MVP in the AI era: first close the smallest loop
Originally written in Chinese. Translated with AI, reviewed by Gary. Read the Chinese original →
A piece of advice you hear all the time in startups: resources are limited, don't overthink it, build an MVP first, a Minimum Viable Product. Make the most basic version, find customers, test the market, then improve bit by bit.
I've always found that logic very reasonable. But recently I came across a different view:
When AI makes building products easier and easier, should the starting point of a startup change too?
Before, you'd spend months building a product, and the ability to develop it was itself a barrier. You had some time to test the market and listen to feedback.
Now, you build some tools with AI in three days. You're delighted and feel very efficient. But then you look around and, huh, someone else has built it too, with roughly the same features.
You have AI, and so does everyone else. As building gets faster, the track gets crowded faster too.
If someone can copy my features tomorrow, why would customers keep using me?
And if the only answer is "because I did it first", that advantage may be shorter-lived than we think.
Founders should dare to think bigger
I think founders should dare to think bigger.
There were problems we used to look at and think: too complex, the team isn't big enough, development is too expensive, forget it, let's build something simple first.
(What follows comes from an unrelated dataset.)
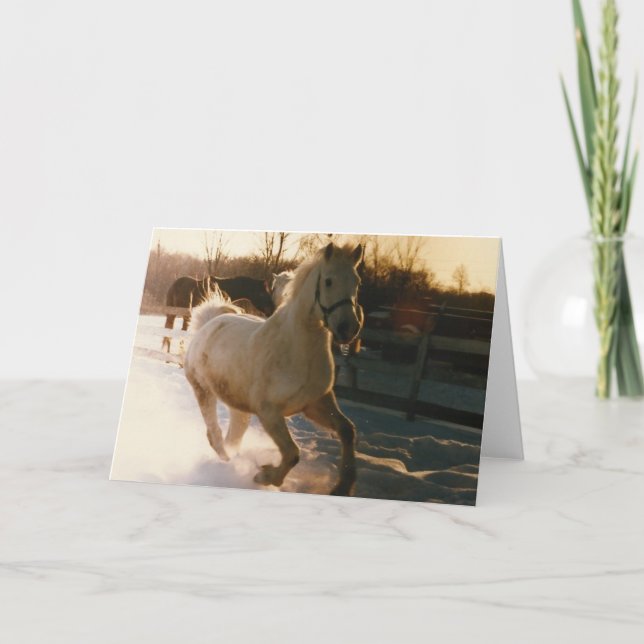 Cartão De Festividades Dashing through the snow . . . (Frente)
Now that AI has lowered part of the cost of building, can we take another look at the problems we once couldn't afford to touch?
Of course, that doesn't mean making the product complicated on purpose. Customers want the problem solved. Ideally you handle a mountain of complexity behind the scenes, and for them it's very simple to use.
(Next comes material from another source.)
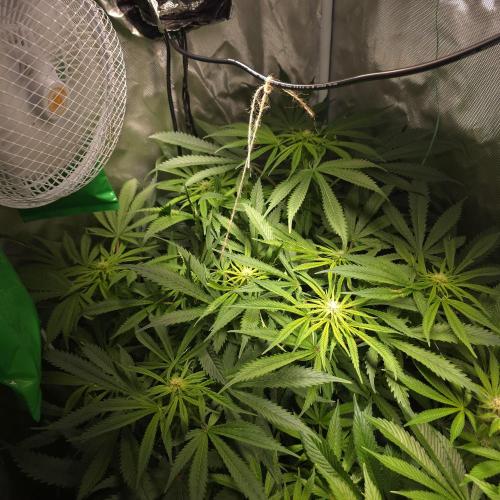 Cali Orange - DP. Week 20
Tesla makes me think of this direction. Its ambition was to redefine what an electric car should be: could people want one for its performance and driving experience, rather than accepting compromises for the sake of the environment? The first Roadster did borrow from a Lotus chassis, but the goal behind it was big. The first step was to enter with a high-priced sports car, then move gradually towards the mass market.
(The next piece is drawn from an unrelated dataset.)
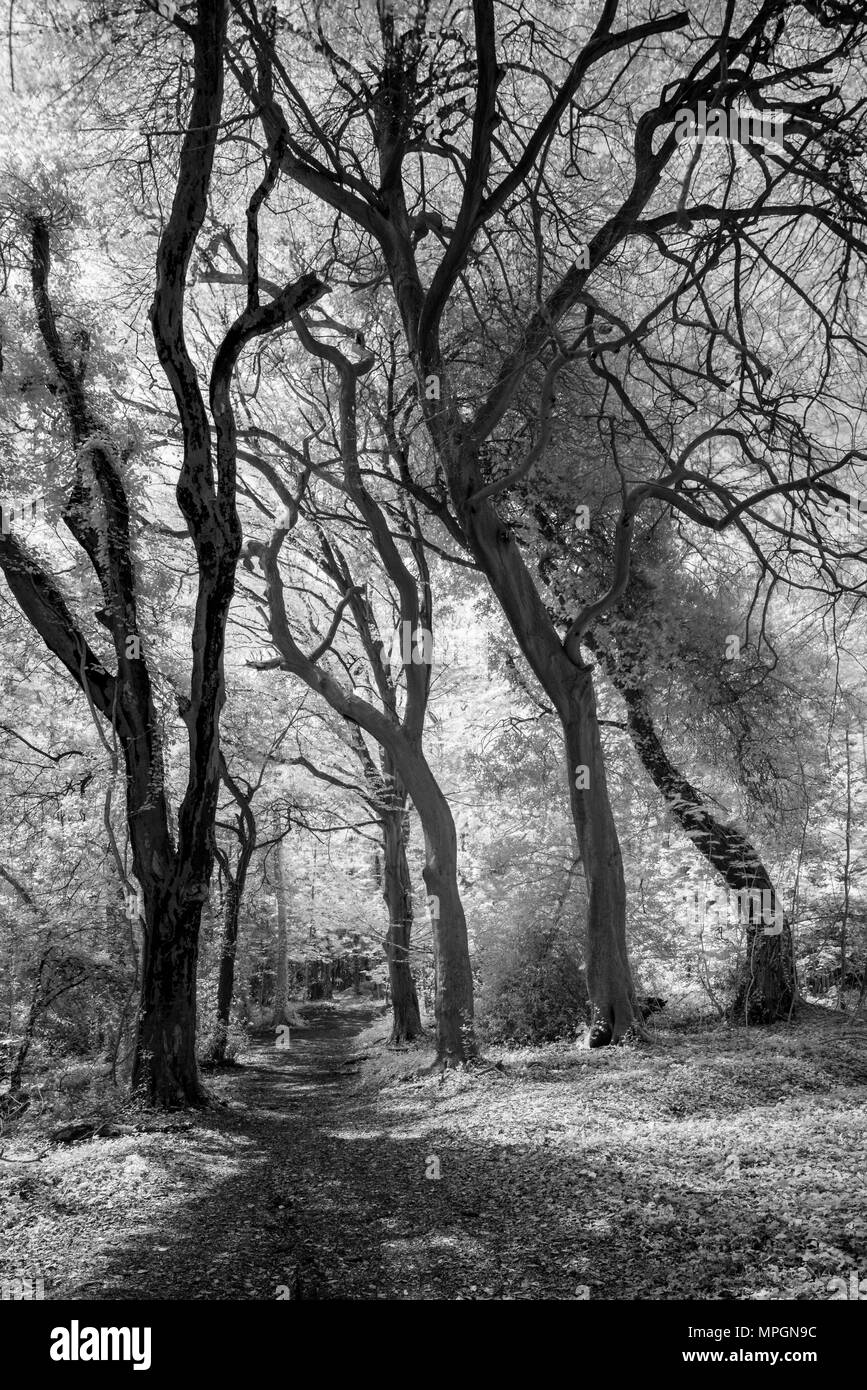 Woodland in infrared. Court Hill, Clevedon, North Somerset, England. Stock Photo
I think that distinction matters.
You can start somewhere very small, but keep a bigger direction in your head. AI startups are the same. If our imagination for AI is just adding a chat box or an auto-generated report to an existing product, isn't that a bit of a waste?
Many things used to be done a certain way because of limits on cost, people and technology. Now that those limits are changing, do we have a chance to rethink how the whole service should be delivered?
First, close the smallest loop
Does that mean we should shut ourselves away for two years and only meet customers once we have an amazing product? I think it's the opposite. The bigger your idea, the sooner you should find a real user and see whether the pain you want to solve actually exists.
Here I think the MVP can be understood differently: first, close the smallest loop. Put simply, get one real customer to actually solve a problem by using what you've built. The scope can be tiny, but the path from hitting the problem, to taking action, to seeing a result has to work end to end.
Say you're building an AI business analysis tool. The boss asks why sales dropped yesterday. You give him a beautiful report; he reads it, says "oh, I see", and that's the end of it. But if you can go further, help him find the problem, get the person responsible to act, then track whether things improved after the change, the value is completely different. Help one company solve one recurring problem first, see whether they keep using it and are willing to pay, then keep improving from real feedback.
And every time you finish a round, ask yourself: what did this round leave behind? Do we understand this industry better? Have we built up sound judgement and reusable processes? Can we do it better and faster next time? If you start from zero every time, you may be incredibly busy without building any advantage. Only when these capabilities accumulate slowly can you reach the day when others think it looks simple, and only find out how hard it is once they try.
The MVP still matters. Surviving first still matters.
But our dreams can be bigger, while the first step needs firmer footing. Find real demand as early as possible, close one loop, and let every step become the foundation for the next.
When everyone can build a product quickly, are we accumulating features, or accumulating capabilities that others find harder and harder to catch?